Figure 6. CD8⁺ T cell clonal distribution and diversity are shaped by virus specificity.

(A) Diagram showing donor, tissue, and virus specificity of samples for T cell receptor (TCR) sequencing. flu-multimer⁺ (red), CMV-multimer⁺ (blue), and total (gray) CD8⁺ T cells were sorted from indicated tissue sites of five organ donors.

(B) Clonal abundance plots showing proportion of top n clones per sample for flu- and CMV-specific CD8⁺ T cells from indicated tissue sites for donors D434 (top left), D447 (top right), D438 (bottom left), and D457 (bottom right).

(C and D) TCR clonality (C; see STAR Methods) and Shannon entropy (D; see STAR Methods) by virus specificity for flu-specific (red) and CMV-specific (blue) CD8⁺ T cell clones stratified by tissue site (left) and in all tissue sites combined (right).

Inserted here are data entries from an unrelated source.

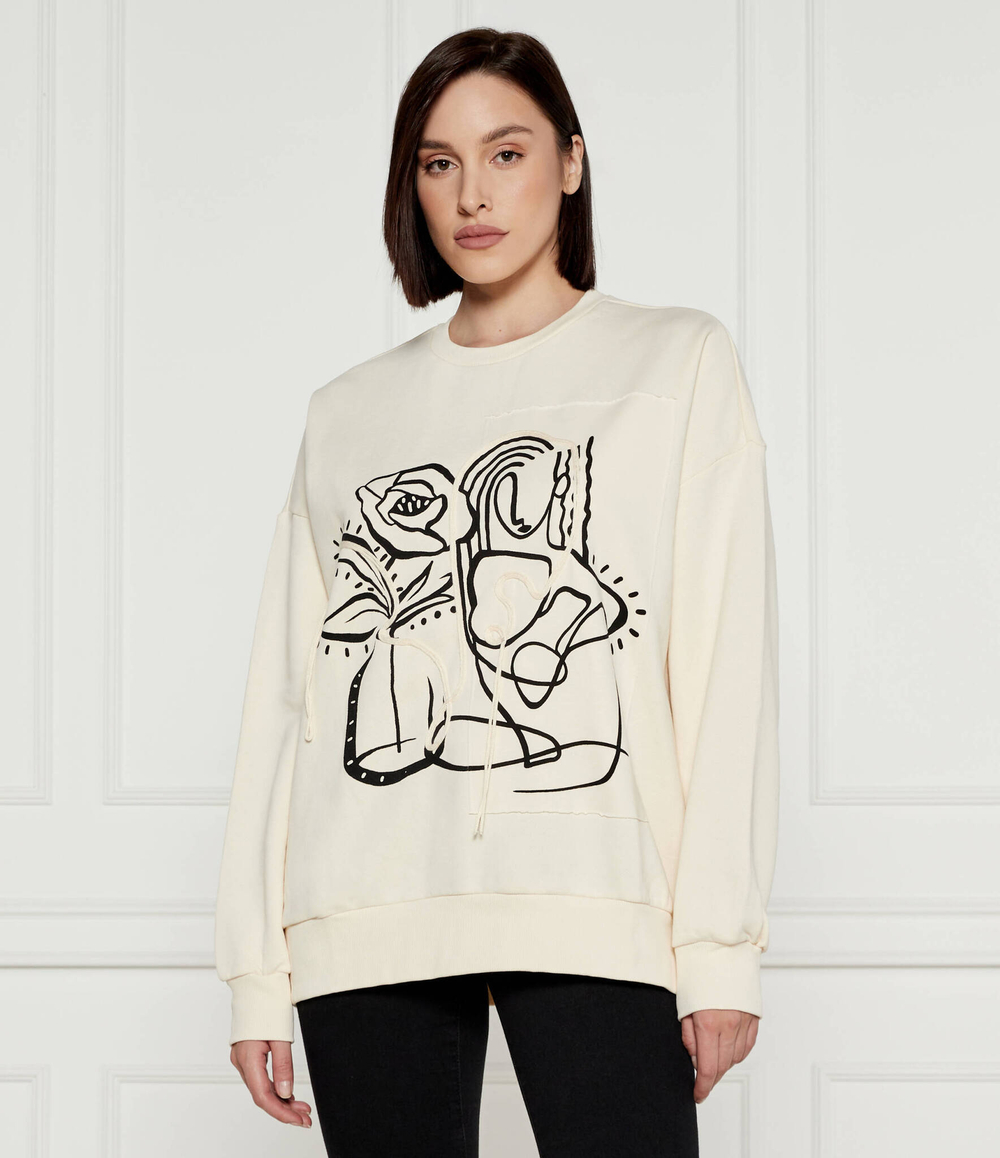 Худи Desigual - экрю(24WWSK06)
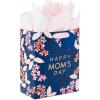 Hallmark 17″ Extra Large Mother’s Day Gift Bag with Tissue Paper (Red Roses, Green Foliage, Bright Blue) for Mom, Grandma, Nana, New Mother(Navy Floral)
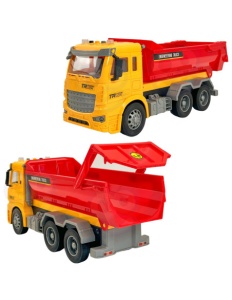 Camion Basculanta de Jucarie cu Efecte Luminoase si Sonore – Scara 1:12, Remorca Mobila, +3 ani - Img 2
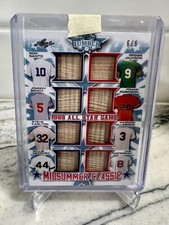 2021 Leaf Lumber Midsummer Classic #6/6 1971 All Star Game Santo Bench Jackson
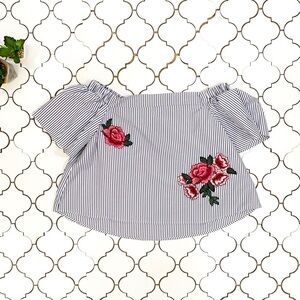 Style House Striped crop top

(E) Principal-component analysis (PCA) of TRBV gene usage based on clone counts per sample, labeled and grouped by donor, tissue, and virus with confidence ellipses plotted around group mean points using the factoextra R package.

(F) Sharing of flu- and CMV-specific CD8⁺ T cells between indicated sites of donor D457 shown in clone tracking plots with each individual clone denoted by a line shaded by relative abundance within a tissue site.

(G) Cosine similarity between pairwise cell populations of flu- and CMV-specific CD8⁺ T cell clones in BM, LLN, lung, and spleen of donor D457. Color intensity of each cell is based on the normalization of (min-max scaled) values of sequenced samples.

Statistical significance for comparison of means was calculated by unpaired t test and indicated by ***p ≤ 0.001; **p ≤ 0.01; *p ≤ 0.05.